13年前の辞任会見とは、まるで違う様子を見せた安倍首相
「本日、総理の職を辞するべきと決意を致しました」
2007年9月12日、安倍首相はこう切り出して辞任を表明。任期途中で政権の座を降りた。その場では明言しなかったが、今回と同じく持病悪化が大きな原因だった。この時、首相は壇上に上がると前を向き、会場の中をゆっくりと見回した。着席している記者たちを確認するかのように視線を動かす。悲しそうでもあり、悔しそうでもあり、すまなそうでもある目の色と視線の動きが、政権を途中で投げ出さざるを得なくなった無念さと、目の前の光景を見られなくなる悔しさを印象付けた。辞意の言葉は一語一語噛みしめるように述べられ、語尾は過去形。辞任したくはなかったがせざるを得なくなったという思いが、ひしひしと伝わってきたものだ。
奇しくも同じシチュエーションとなった今回、冒頭から首相の様子はまるで違っていた。壇上に上がるが、口を開く直前まで会場の中を見ることもなく視線も上げない。用意してきた書面に目を落としていただけ。周りをシャットアウトしたような様子からは、もうこれ以上は無理、諦めました的な空気も漂ってくる。「総理大臣の職を辞することに致します」と表明するが、口調はさらりとしたもの。前回は「職を辞する」という言葉を辛そうに口にした感があったが、今回、声の調子から感情は透けてこない。語尾が「致します」という現在形であったことも、淡々とした印象を与えた。
消え入りそうな声のなか、自信を示すポーズも
「結果を出すために、全身全霊を傾けてまいりました」
「政治においてもっとも重要なことは、結果を出すことである」としてきた首相は、全身全霊を傾けてきたという言葉を使った。体力面だけでなく精神面も含む表現だけに、精神的なストレスもかなり大きかったことと推測される。発言の後、首を傾げるように一拍、間が空いたことも精神的な疲労の濃さを印象づけた。
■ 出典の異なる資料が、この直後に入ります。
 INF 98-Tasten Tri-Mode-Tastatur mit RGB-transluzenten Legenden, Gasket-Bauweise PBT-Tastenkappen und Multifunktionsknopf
2007年の会見では「全力を尽くしてきた」「一身を投げ打つ覚悟で」とやはり強い言葉で自身の政治への姿勢を述べた。全力、一身という表現は若かったこともあるだろうが、精神的なストレスより、政治家として身体を張った勝負ができなくなったことが、辞任理由として何より大きかったのだろうと思う。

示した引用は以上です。